Le collectif « Pas de bébés à la consigne » se mobilise contre les prochaines ordonnances

Publié le 19 avril 2019

Une place en crèche coûte cher, plus de 15 000 euros par an pour des crèches gérées par des associations à plus de 18 000 euros par an pour des crèches gérées par des collectivités ou des CCAS (chiffres 2015 moyennes).

Pour les familles à faible revenu, seules les crèches sont accessibles financièrement car le tarif dépend des revenus. Les autres modes d’accueil sont trop chers.
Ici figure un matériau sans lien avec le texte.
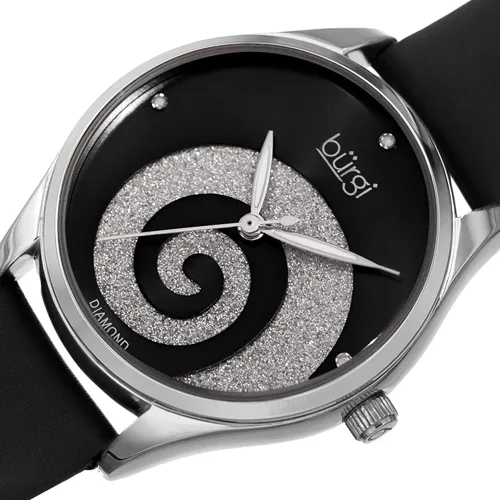 Vista 2 de Burgi BUR201 - Reloj de mujer con marcadores de diamantes - Esfera de rayos solares con cristales brillantes en polvo - Correa de piel auténtica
Voir à ce sujet les études de l’IGAS et de la CNAF.

Si 60% du coût est financé par la CAF et les familles, le reste doit être financé par les communes ou les intercommunalités. Les réductions des moyens financiers des communes impactent donc directement la création de places de crèche, voir menacent leur existence.

Grenoble a renoncé à créer des places de crèche par manque d’argent, et les places actuelles, que ce soit CCAS ou associatives, ont un avenir compliqué sans augmentation de la dotation du CCAS ou de la dotation aux crèches associatives. En effet 70% des coûts d’une place de crèche est constituée directement des salaires des professionnels qui s’occupent des enfants, ces salaires, proches du SMIC pour la majorité des postes, augmentent quasiment automatiquement chaque année en suivant l’augmentation du SMIC.

D’où l’idée du gouvernement de ne plus exiger les mêmes diplômes pour réduire le coût des places. Le collectif « Pas de bébés à la consigne » se mobilise.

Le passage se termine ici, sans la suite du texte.